Ultimo aspetto, gli argomenti messi in campo per ottenere i
consensi della gente, perlopiù attivati per attaccare l'avversario
che per portare avanti i propri valori.
Non vogliamo parlare qui dell'inchiesta «Giano Bifronte», che
secondo qualcuno sarebbe stata orchestrata opportunamente da un
partito di una delle due coalizioni. Né vogliamo parlare dei colpi
bassi che ogni candidato si è dimostrato disponibile a fare anche
contro uno dei propri compagni di corsa. Così come non vogliamo
commentare dal punto di vista comunicazionale (anche se tanto ci
starebbe a cuore) i messaggi che sono stati veicolai e il modo con
cui sono stati somministrati e presentati alla gente. Cui
riserviamo di parlarne ad elezioni avvenute. Preferiamo
concentrarci sulle due strategie poste in campo dalle due
candidature principali.
Da una parte Dellai presenta come credenziali il proprio operato
(in testa a tutto la sua recente opera di uomo di Stato
nell'affrontare la Crisi mondiale), dall'altra la strategia di
Divina attacca tutto l'operato di Dellai, comprese le sue
iniziative intraprese per affrontare la Crisi («che le aveva già
invocate da tempo la Lega»). E ancora Dellai che ammonisce contro
il Federalismo Fiscale voluto dalla Lega («è come la grandine sulle
mele»), dall'altra Divina che contrattacca accusando centralismo e
clientelismo (rifacendosi alla logica reiterata della «magnadora»).

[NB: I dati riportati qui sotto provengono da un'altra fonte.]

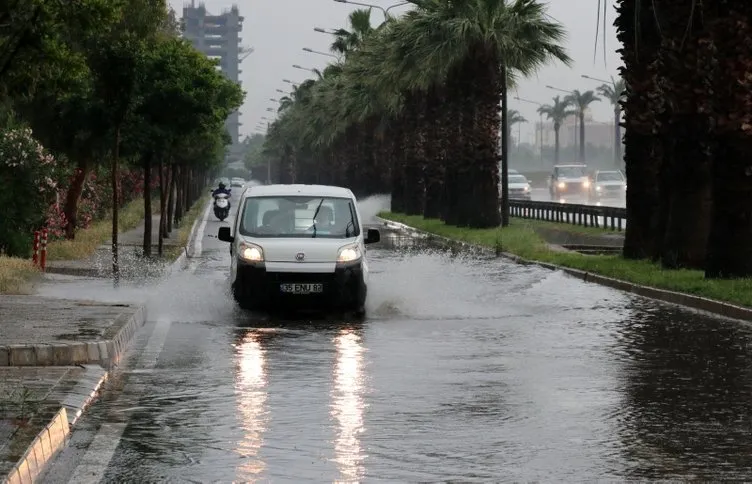 İzmir’de bugün! Yeni normalin ilk gününde dükkanları su bastı, araçlar yolda kaldı...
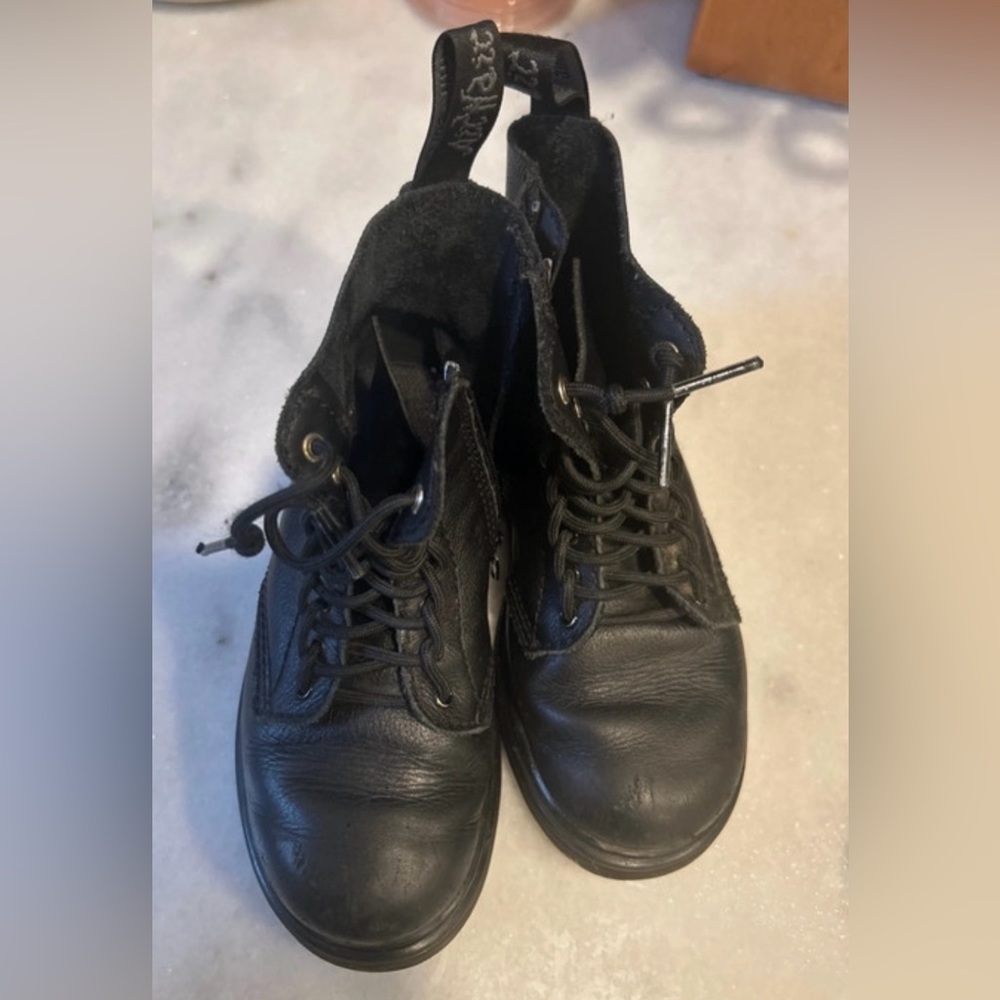 Dr martens combat boots. All black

Dellai accusa l'incompetenza di Divina e la sua dipendenza da
Bossi, dall'altra Divina accusa Dellai di non comprendere le
istanze dei Trentini nel nuovo millennio.
Dal nostro punto di vista, noi non abbiamo voluto raccogliere tutti
quei comunicati stampa che le parti hanno inviato alle redazioni
per attaccare l'avversario. Possiamo solo dire che la nostra
impressione è che da entrambe le parti non ci fossero né un
giornalista né un pubblicitario a gestire l'intero impianto
comunicazionale delle varie segreterie. O almeno speriamo che sia
così.
Per tirare le somme, possiamo dire che c'è la totale incertezza
della situazione. Secondo noi tutto dipende dalla grande incognita
rappresentata dagli elettori dell'UDC. Se si recheranno a votare,
il voto potrà andare in una certa maniera. Se per protesta o
indignazione si asterranno dal voto, tutto è nelle mani di coloro
che hanno fatto estromettere il loro partito.